Redo the Virginia map


cnty_join2 <- left_join(county, 
                        cnty_p30_1km, 
                        by = "fips")
va_join2 <- filter(cnty_join2, STATEFP == "51")

ggplot(data = va_join2) +
  geom_sf(aes(fill = precip), size = 0.25) +
  scale_fill_distiller(name = "Precip (mm)", 
                       palette = "YlGnBu", 
                       direction = 1,
                       trans = "log", 
                       breaks = c(1000, 1150, 1300)) +
  coord_sf(xlim = c(-77.6, -77.0), 
           ylim = c(38.6, 39.1)) +
  theme_bw()

Lab Homework (Required)


Starting with the sf object containing the county-level precipitation summaries,

  1. convert the precipitation units from millimeters to inches
  2. classify precipitation into a factor with five categories: 0-10, 10-35, 35-50, 50-70, and > 70 inches
  3. Generate a new map of precipitation using these categories with proper aesthetic details.

Project #2 (Part One)


In the first part of the second project, we will exercise data import, data cleaning and data visualization using geospatial data.

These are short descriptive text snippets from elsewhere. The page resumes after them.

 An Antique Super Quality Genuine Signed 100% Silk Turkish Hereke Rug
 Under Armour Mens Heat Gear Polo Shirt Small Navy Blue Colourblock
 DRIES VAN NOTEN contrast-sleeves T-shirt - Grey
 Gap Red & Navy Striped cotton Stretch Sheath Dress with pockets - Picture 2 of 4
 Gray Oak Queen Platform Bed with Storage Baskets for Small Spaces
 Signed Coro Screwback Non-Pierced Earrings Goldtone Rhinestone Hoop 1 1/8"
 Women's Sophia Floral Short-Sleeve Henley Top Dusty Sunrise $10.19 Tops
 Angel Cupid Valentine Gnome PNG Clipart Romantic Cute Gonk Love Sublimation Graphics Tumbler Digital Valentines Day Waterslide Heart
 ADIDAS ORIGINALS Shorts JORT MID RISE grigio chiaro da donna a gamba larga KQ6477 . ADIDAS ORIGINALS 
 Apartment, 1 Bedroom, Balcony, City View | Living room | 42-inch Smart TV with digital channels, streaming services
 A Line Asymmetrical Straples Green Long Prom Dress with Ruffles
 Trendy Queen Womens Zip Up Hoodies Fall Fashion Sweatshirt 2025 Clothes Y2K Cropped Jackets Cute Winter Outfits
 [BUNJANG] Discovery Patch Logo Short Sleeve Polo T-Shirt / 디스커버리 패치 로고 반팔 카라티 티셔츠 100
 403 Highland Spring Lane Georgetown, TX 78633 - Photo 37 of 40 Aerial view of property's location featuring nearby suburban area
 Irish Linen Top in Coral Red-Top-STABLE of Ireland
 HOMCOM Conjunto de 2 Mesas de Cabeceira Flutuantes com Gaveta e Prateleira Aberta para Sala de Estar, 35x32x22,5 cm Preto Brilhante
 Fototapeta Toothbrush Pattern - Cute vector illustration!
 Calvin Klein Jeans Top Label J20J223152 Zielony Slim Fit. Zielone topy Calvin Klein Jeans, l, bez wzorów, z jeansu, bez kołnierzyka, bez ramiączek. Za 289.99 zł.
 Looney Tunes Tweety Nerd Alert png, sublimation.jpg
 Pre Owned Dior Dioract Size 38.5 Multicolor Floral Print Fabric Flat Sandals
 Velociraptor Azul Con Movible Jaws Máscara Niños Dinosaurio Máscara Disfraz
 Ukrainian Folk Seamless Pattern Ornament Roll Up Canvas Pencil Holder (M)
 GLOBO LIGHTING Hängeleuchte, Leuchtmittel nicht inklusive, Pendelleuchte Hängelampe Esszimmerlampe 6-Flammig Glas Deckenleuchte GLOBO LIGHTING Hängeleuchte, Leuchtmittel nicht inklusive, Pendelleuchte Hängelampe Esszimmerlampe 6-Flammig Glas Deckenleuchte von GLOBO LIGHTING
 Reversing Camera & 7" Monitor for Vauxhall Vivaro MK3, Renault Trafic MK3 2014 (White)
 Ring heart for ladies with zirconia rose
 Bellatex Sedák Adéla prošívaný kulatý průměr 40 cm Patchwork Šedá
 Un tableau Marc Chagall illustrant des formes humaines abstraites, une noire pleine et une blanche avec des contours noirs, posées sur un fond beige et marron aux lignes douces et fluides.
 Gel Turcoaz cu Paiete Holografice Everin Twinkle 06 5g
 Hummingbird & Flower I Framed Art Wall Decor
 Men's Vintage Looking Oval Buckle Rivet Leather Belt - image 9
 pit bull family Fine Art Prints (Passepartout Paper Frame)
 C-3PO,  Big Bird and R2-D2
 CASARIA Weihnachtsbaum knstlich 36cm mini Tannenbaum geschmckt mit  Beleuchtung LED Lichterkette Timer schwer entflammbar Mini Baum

  1. Download the mean annual temperature data of each year from 2000 to 2023 using get_prism_annual() function and specifying type = 'tmean'.

  2. Properly clean and transform the data to obtain a data frame that contains the mean annual temperature data (2000-2023) of each county in New York State. There should be a column called year for year and a column called mean_temp for mean annual temperature.

  3. Use wrap_facet to plot the temperature map of New York state counties between 2018 and 2023. Use proper settings to make your visualization informative.

  4. Find a way to analyze the temperature trend of orange county, NY between 2000 and 2023. You need to create at least one graph to visualize your result. Summarize your findings in words.

  5. (Bonus) Analyze the trend of mean February temperature data between 2000 and 2024 specifically for Middletown, NY, with proper data visualization.